Exercise brief: Your answer must be the lines from the start of the records through the line with "Pull homme hiver", exactly as written, without the pictures.

[Saved data entries]
== == ==

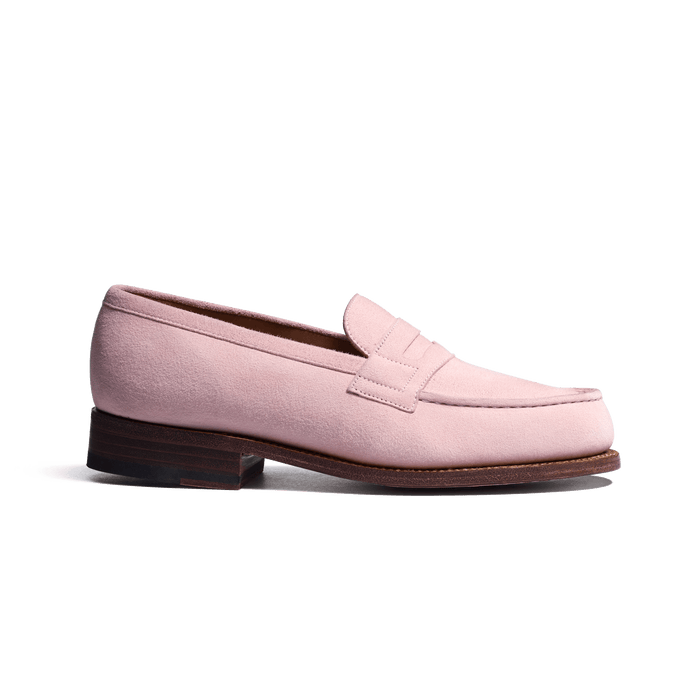 j.m. weston Mocassin 180 femme en cuir velours rose pâle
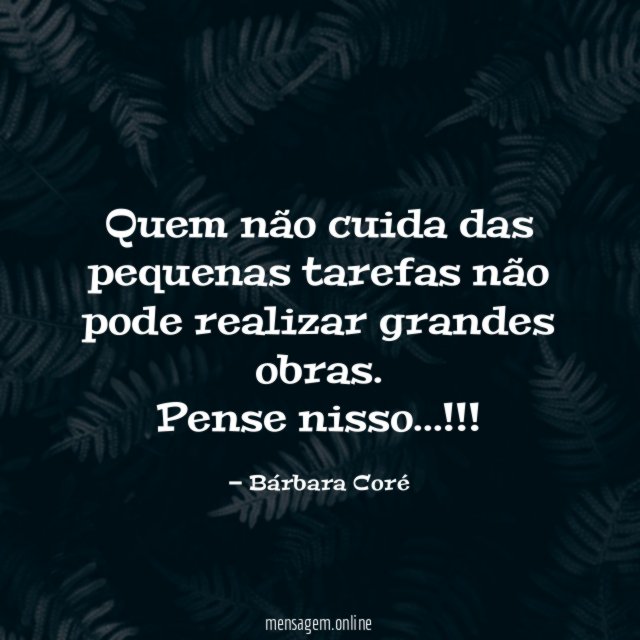 Quem não cuida das pequenas tarefas não pode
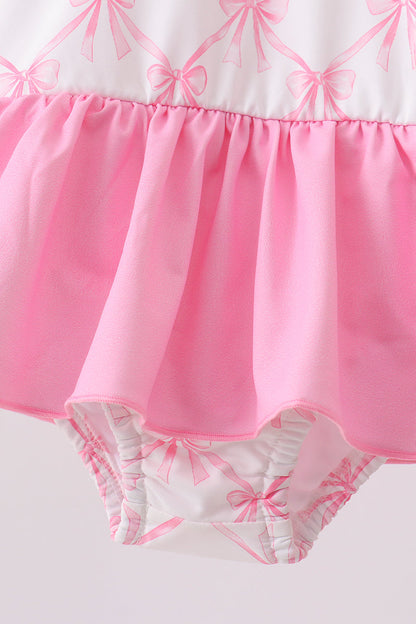 Pink Bow Ruffle One-Piece Girls Swimsuit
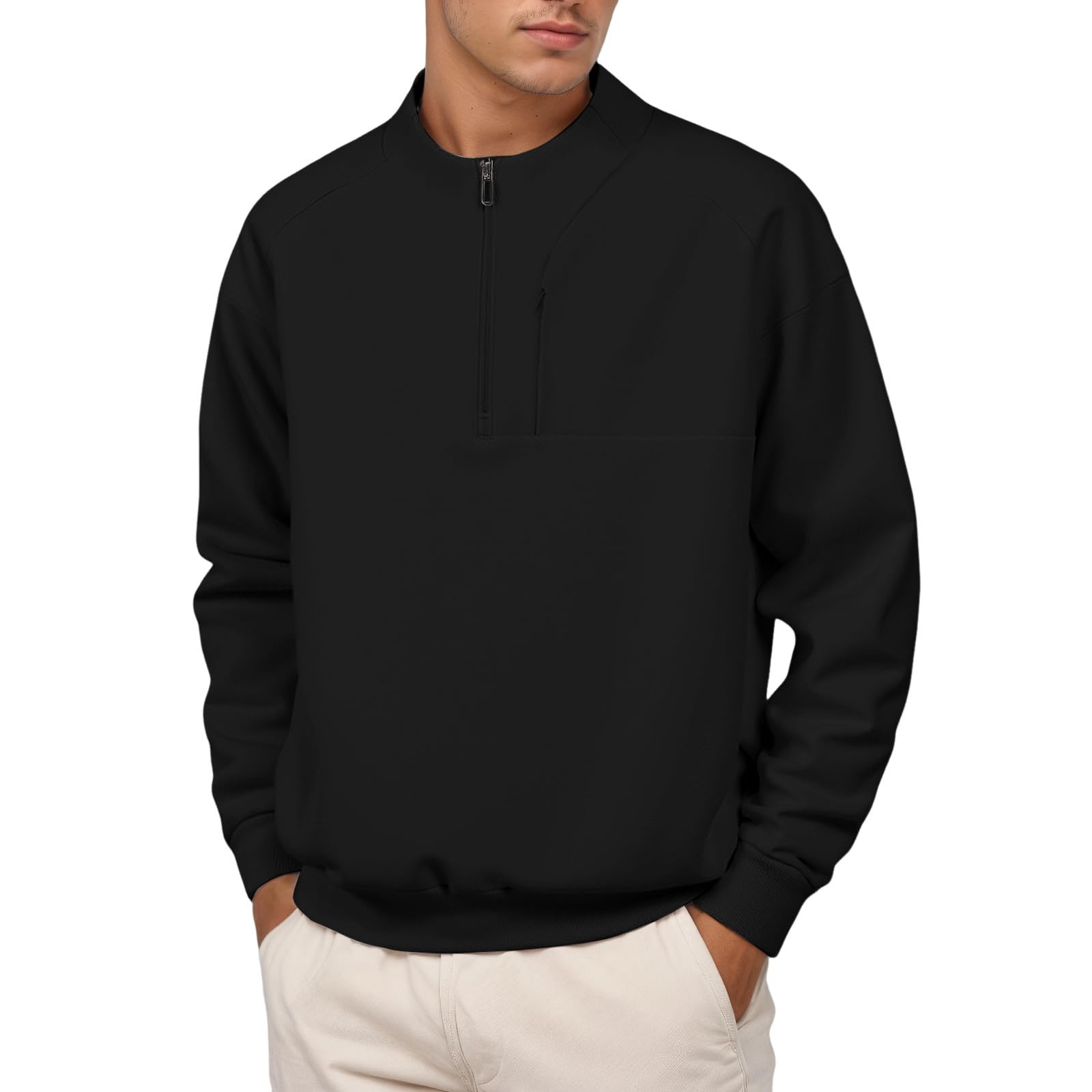 Pull homme hiver noir en tissu éponge premium au design classique d'art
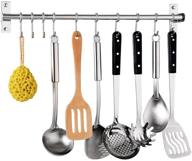 🔧 stainless steel kitchen sliding hooks rack: organize kitchen tools with 10 removable s hooks for towels, pot pans, spoons, coats, bathrobes, bbq – wall mounted hanger логотип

== == ==

Solution below:
 j.m. weston Mocassin 180 femme en cuir velours rose pâle
 Quem não cuida das pequenas tarefas não pode
 Pink Bow Ruffle One-Piece Girls Swimsuit
 Pull homme hiver noir en tissu éponge premium au design classique d'art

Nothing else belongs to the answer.